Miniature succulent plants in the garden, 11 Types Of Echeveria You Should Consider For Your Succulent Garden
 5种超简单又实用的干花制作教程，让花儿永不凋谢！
...
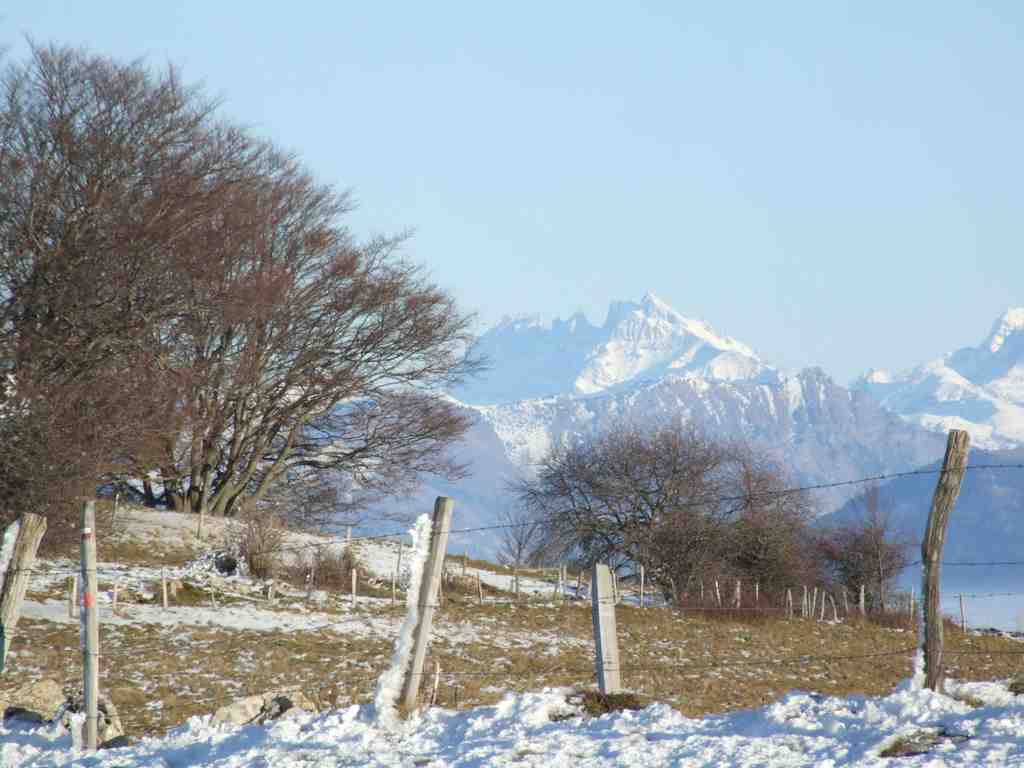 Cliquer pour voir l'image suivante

# WORK INSTRUCTIONS:
Out of the listing above, reproduce exactly the lines from the one with "Miniature succulent plants" up to and including the one with "5种超简单又实用的干花制作教程，让花儿永不凋谢！".

# ANSWER TO THIS TASK:
Miniature succulent plants in the garden, 11 Types Of Echeveria You Should Consider For Your Succulent Garden
 5种超简单又实用的干花制作教程，让花儿永不凋谢！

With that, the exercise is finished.